*Dataset excerpt*
-.-.-

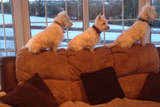 thumbnail: Loving the snow are my pups Murphy, Lexi and Dexter. Submitted by Kathy Mackin-Jackson, from Armagh. Jan 2017.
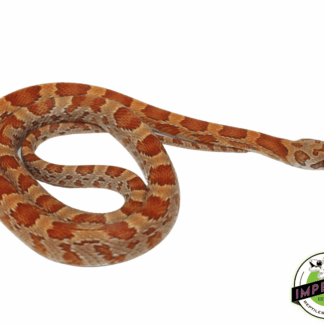 Sunkissed Corn Snake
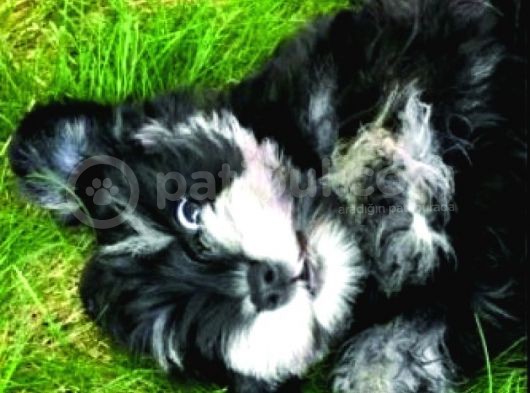 Schnauzer Yavruları görsel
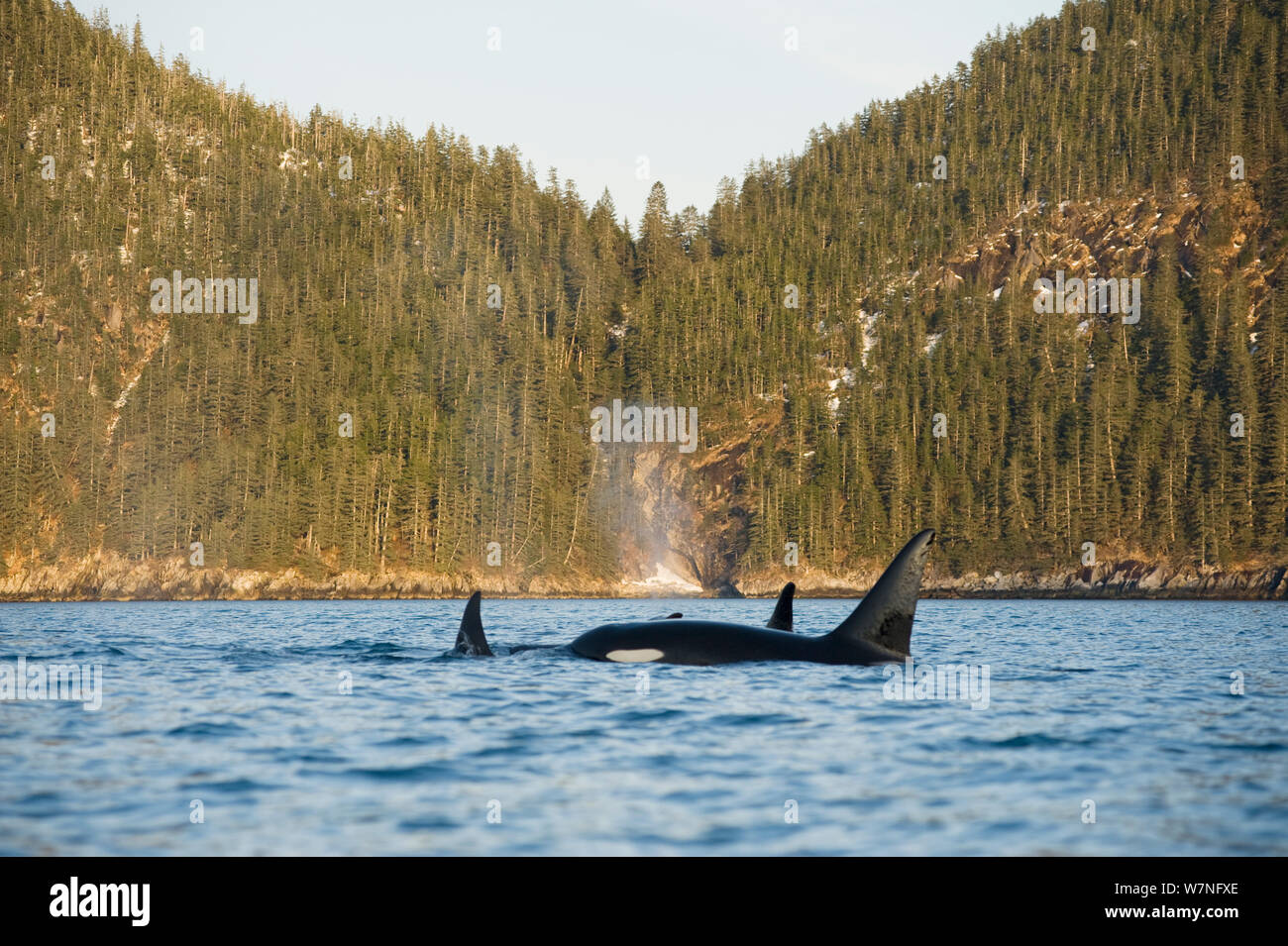 Killer Whale / Orcas (Orcinus orca) pod in Resurrection Bay, Kenai Fjords National Park, outside Seward, Alaska, May. Stock Photo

-.-.-

*Aim of the task*
With all pictures left out, please transcribe exactly the lines from the start of the material through the line with "Schnauzer Yavruları görsel".

*Output of the task*
 thumbnail: Loving the snow are my pups Murphy, Lexi and Dexter. Submitted by Kathy Mackin-Jackson, from Armagh. Jan 2017.
 Sunkissed Corn Snake
 Schnauzer Yavruları görsel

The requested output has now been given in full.